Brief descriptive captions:
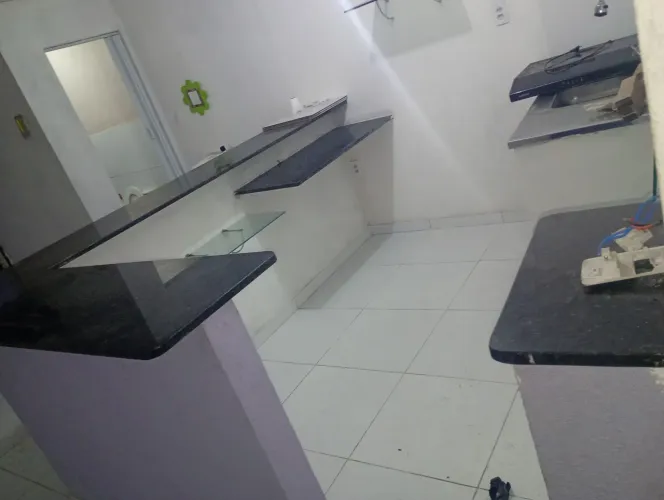Balcão de mármore em L com mais de 6 metros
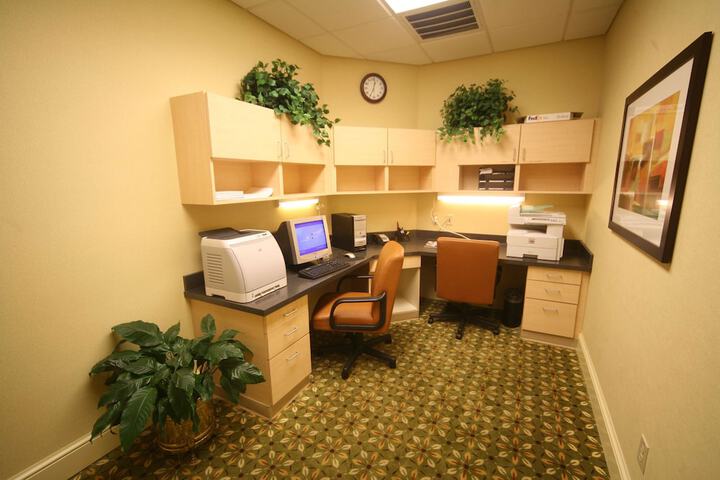 Business Center 32 of 33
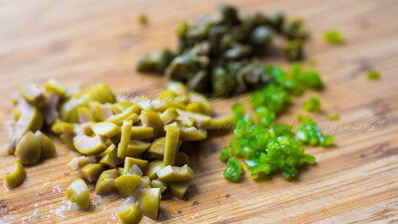 теплый салат с запеченным баклажаном, томатами и острой заправкой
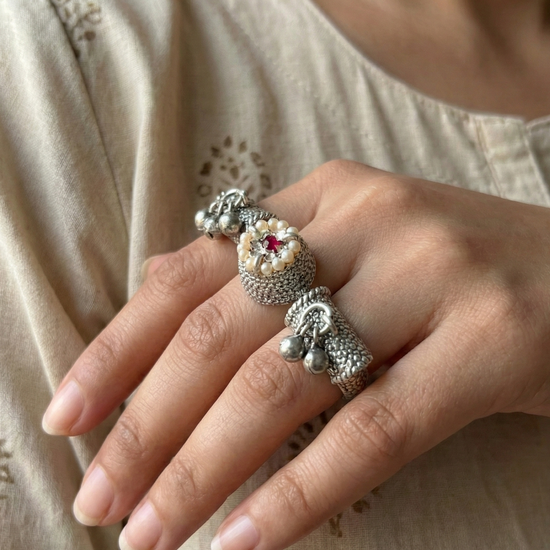 two finger ring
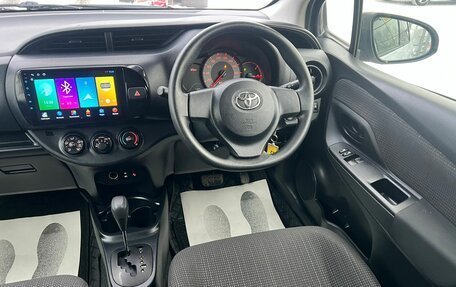 Toyota Vitz, 2018 год, 919 000 рублей, 17 фотография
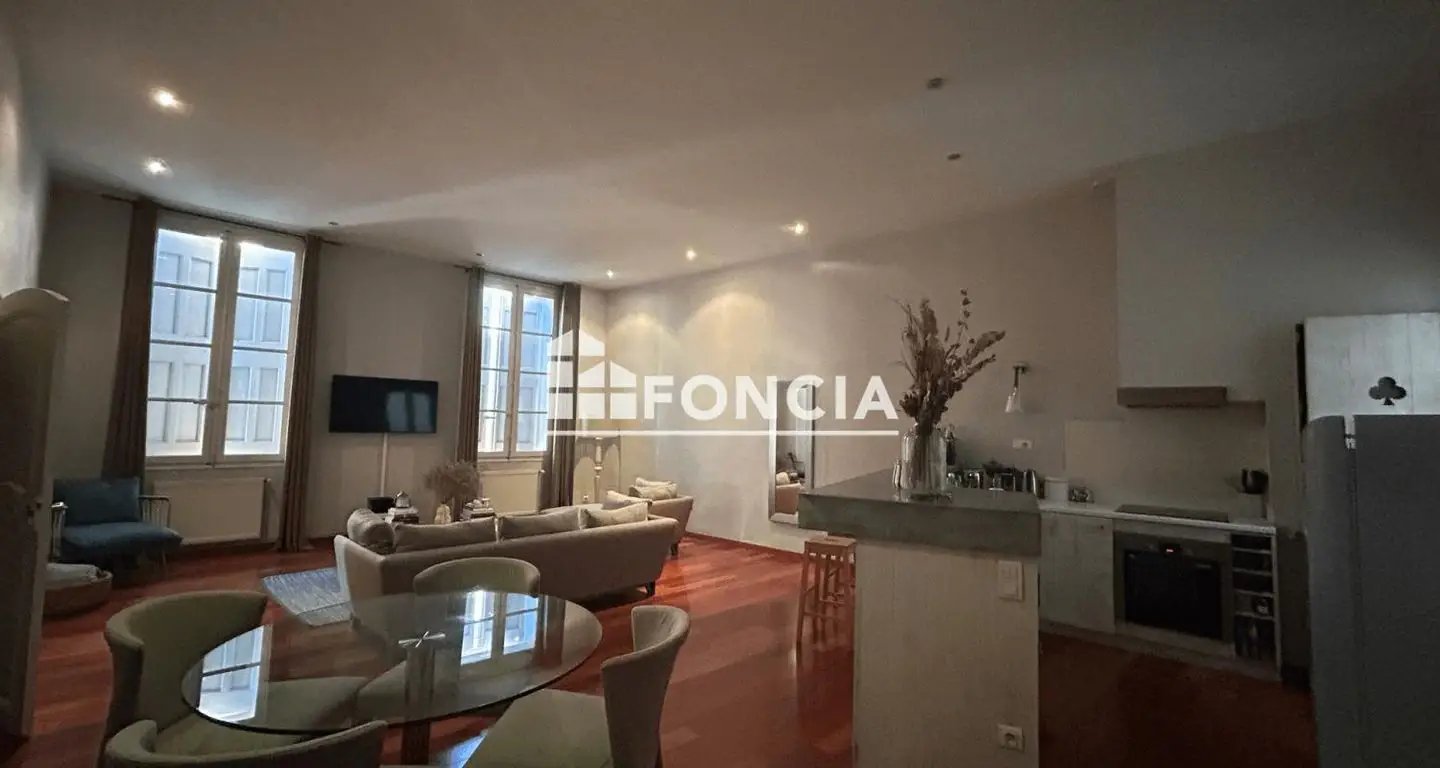 Appartement à louer, 76m², Aix-en-Provence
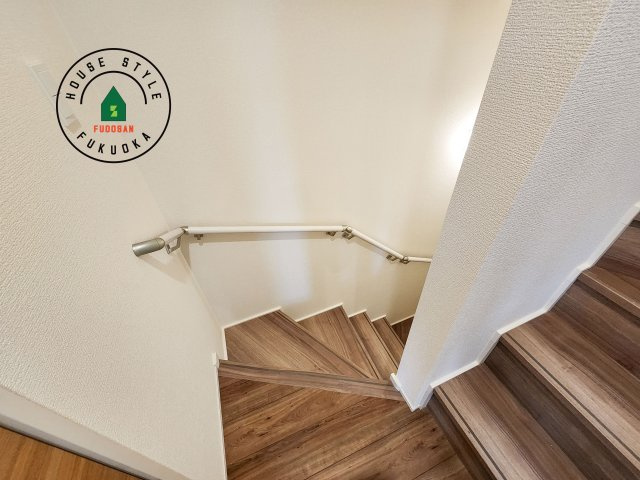 福岡市博多区南八幡町1丁目第1-3棟（1号棟）の内装|＜手すり付階段＞手すりがないと階段の昇り降りで危険なことはもちろん、壁に手をつきながら歩くことで壁紙が汚れやすくなります。すべての方に快適に昇り降りしていただくため、手すりを設置しました。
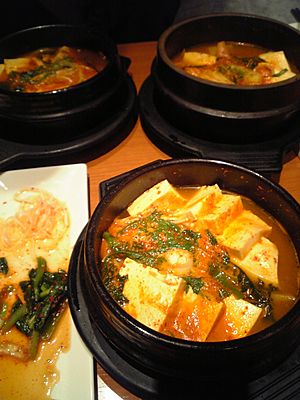 Archivo:Korean.cuisine-Dubu.jjigae-01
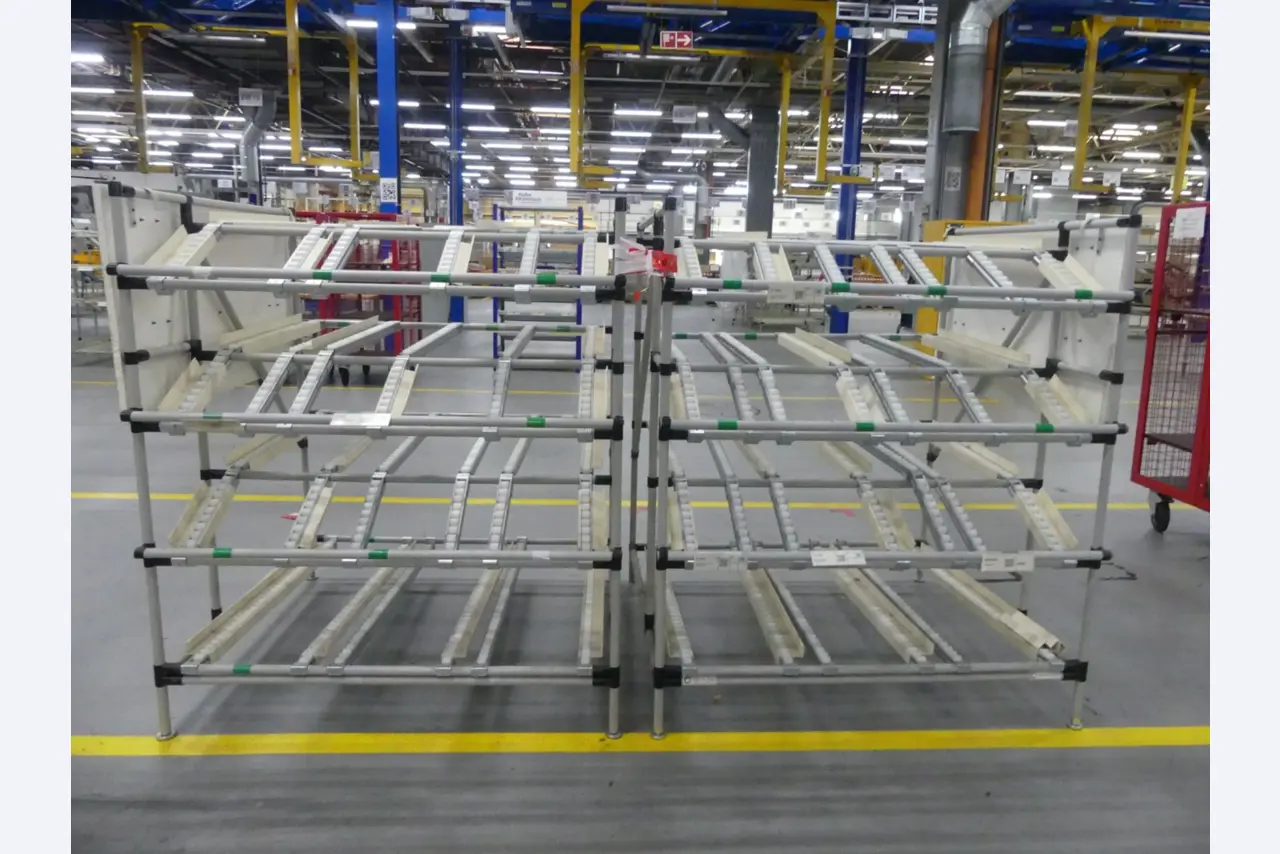 Centra obróbcze, maszyny do obróbki metalu i linie produkcyjne z branży motoryzacyjnej-1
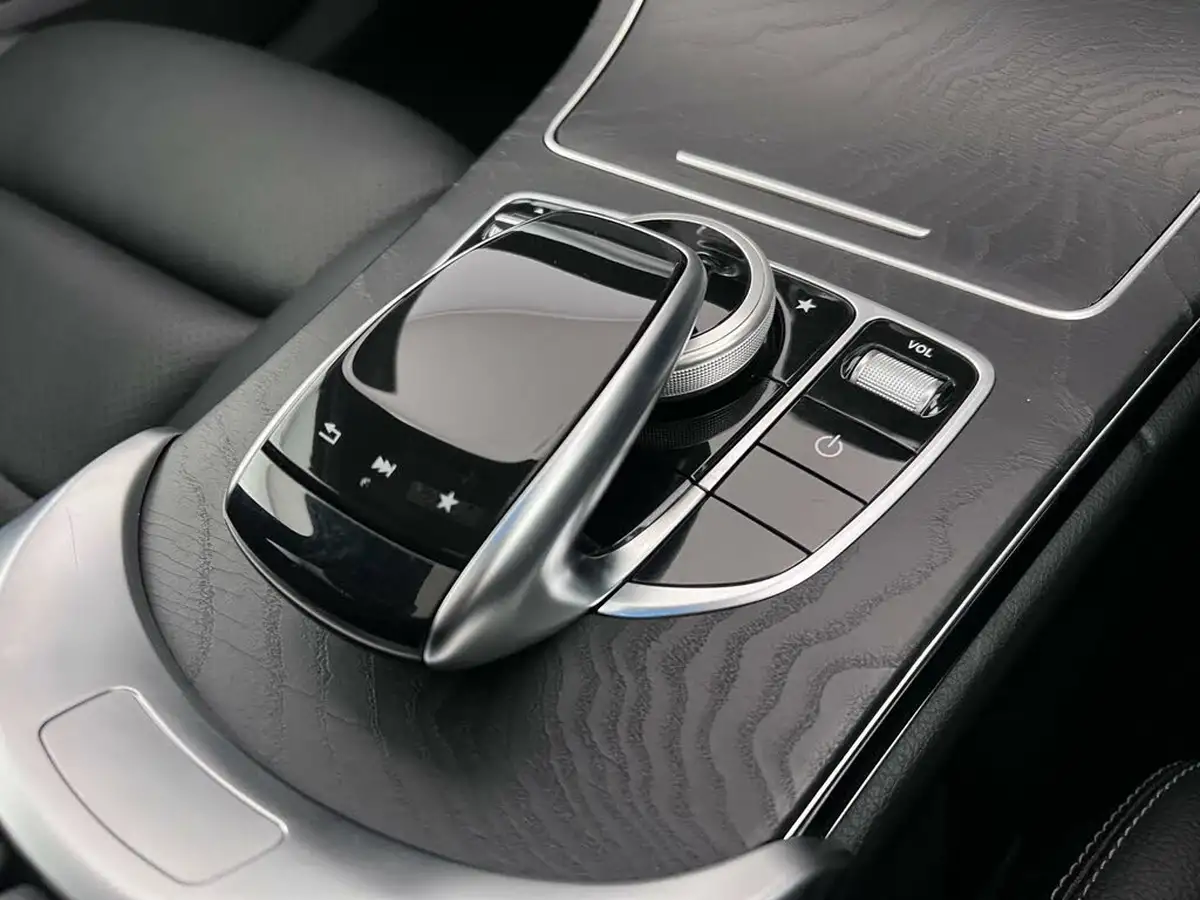 2018-mercedes-benz-c-class-21d-c250d-amg-line-premium-plusss-saloon-4d-big-29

§ EXERCISE DETAILS
Starting with the first line of the data, transcribe every line exactly through the one containing "Archivo:Korean.cuisine-Dubu.jjigae-01". No pictures go in.

§ TASK RESULT
Balcão de mármore em L com mais de 6 metros
 Business Center 32 of 33
 теплый салат с запеченным баклажаном, томатами и острой заправкой
 two finger ring
 Toyota Vitz, 2018 год, 919 000 рублей, 17 фотография
 Appartement à louer, 76m², Aix-en-Provence
 福岡市博多区南八幡町1丁目第1-3棟（1号棟）の内装|＜手すり付階段＞手すりがないと階段の昇り降りで危険なことはもちろん、壁に手をつきながら歩くことで壁紙が汚れやすくなります。すべての方に快適に昇り降りしていただくため、手すりを設置しました。
 Archivo:Korean.cuisine-Dubu.jjigae-01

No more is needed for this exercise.